--- What is expected ---
Please transcribe the listing below in full and word for word, without its pictures.

--- Stored data ---
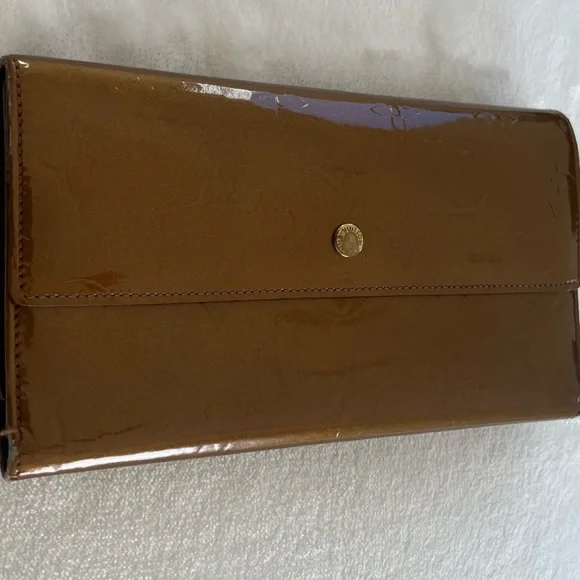 PROJECT Wallet! Auth Louis Vuitton Vernis Wallet, Caramel Color - Picture 3 of 13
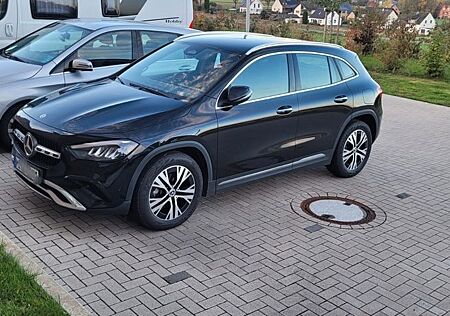Mercedes-Benz GLA 180 DCT -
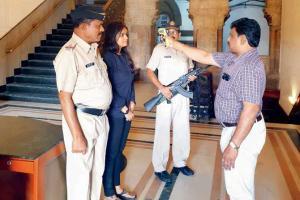 Mumbai Police HQ tells people to visit premises only if necessary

--- Written response ---
 PROJECT Wallet! Auth Louis Vuitton Vernis Wallet, Caramel Color - Picture 3 of 13
Mercedes-Benz GLA 180 DCT -
 Mumbai Police HQ tells people to visit premises only if necessary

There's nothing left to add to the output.